I have been asked several questions during all these years related to my start-up – how it’s like to run a team, handle clients, be in a start-up mode always, suffer the frequent set-backs or to have your own set-up, etc.
It’s always easy to answer such questions. Mostly because, you have a first-hand experience and all that you need to do is put it in words. But yesterday, while chatting with one of my clients, I was asked: “Anamika, after 5 years of your startup journey, do you think you have arrived?”
The question left be baffled. First, because I wasn’t expecting it and secondly because I was clueless about what could be the possible answer to such a question. To me, since I had understood the word ‘Arrived’, I have used it in many of my copy assignments for various clients, describing a certain kind of people. To me, it means someone who owns everything he has wished for (to a certain level) in terms of materialistic things, has led a seen and done it all kind of lifestyle, achieved success, fame, respect and a status in the society. For me, I had none.
So I did a quick calculation in my head of the definition I knew and realized I haven’t.
So as an answer to his question, I said I haven’t but deep inside me, the way I know me and perceive myself, I realized I had. I had started a venture I was least aware of and went ahead with it for 5 long years. I learned what no institute, no degree would ever have taught me, I won the confidence of my family in what I had begun, and to top it all, I was ready to do it again, with my new venture in line.

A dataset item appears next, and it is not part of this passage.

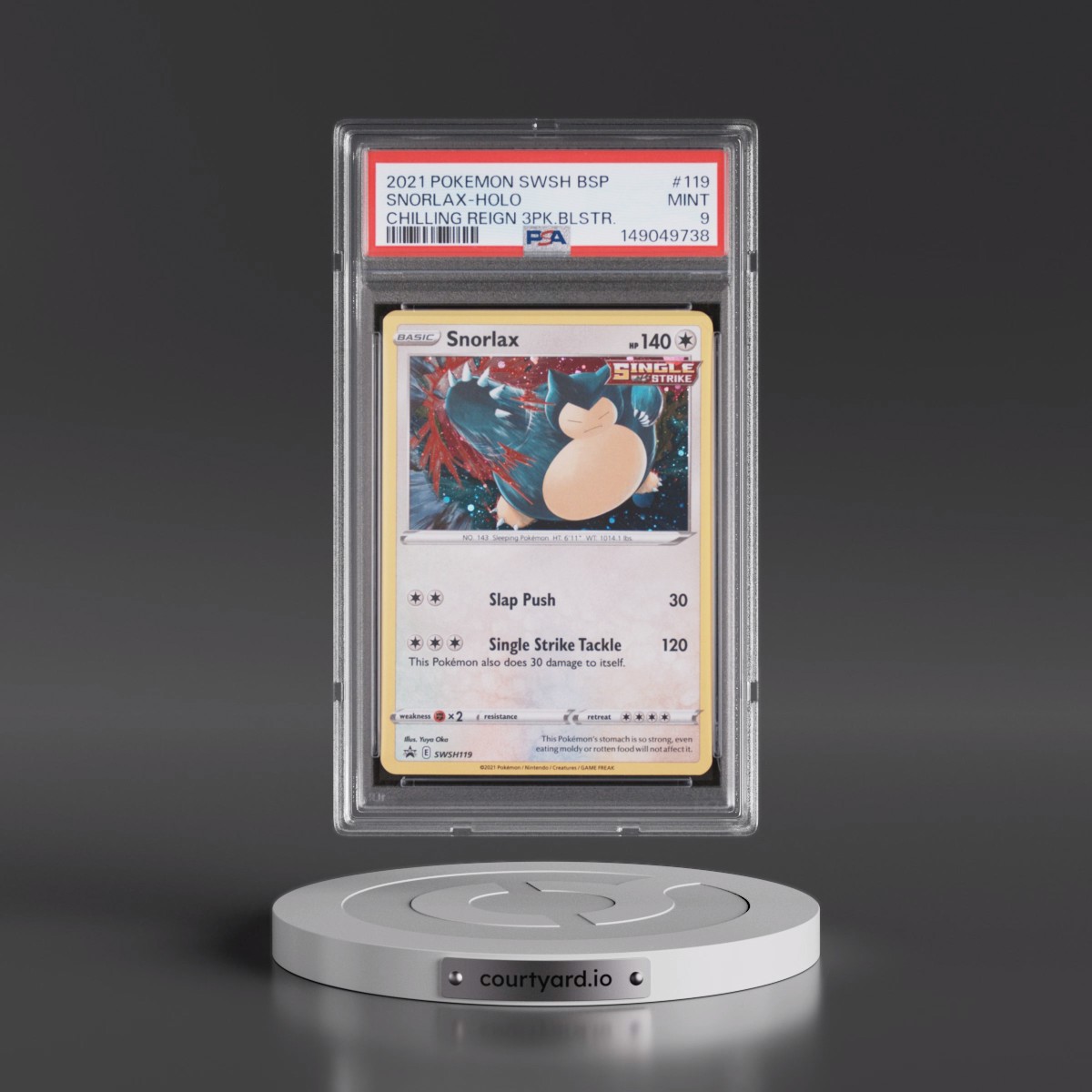 2021 Pokémon Swsh Black Star Promo #119 Snorlax - Holo Chilling Reign Three Pack Blisters (PSA 9 MINT)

I have seen people talking to me at a different level, perceiving my knowledge way beyond I possess, respecting me for things I never knew were worth it and beyond everything accepting me with little success I had achieved and ignoring my failures with all due respect. I have always tried to justify all of it by working on myself. This journey of 5 years have made me reach a point from where I see myself as a better person with a confident and ready-to-do-it-again and again attitude without any self-doubt.
So yes, I have arrived a point from where I can work towards finally arriving a place in my life, from where I can nod YES.
Keep Striving. Keep Arriving.
Loads of wishes to everyone! And Yes, A very Happy Lohri!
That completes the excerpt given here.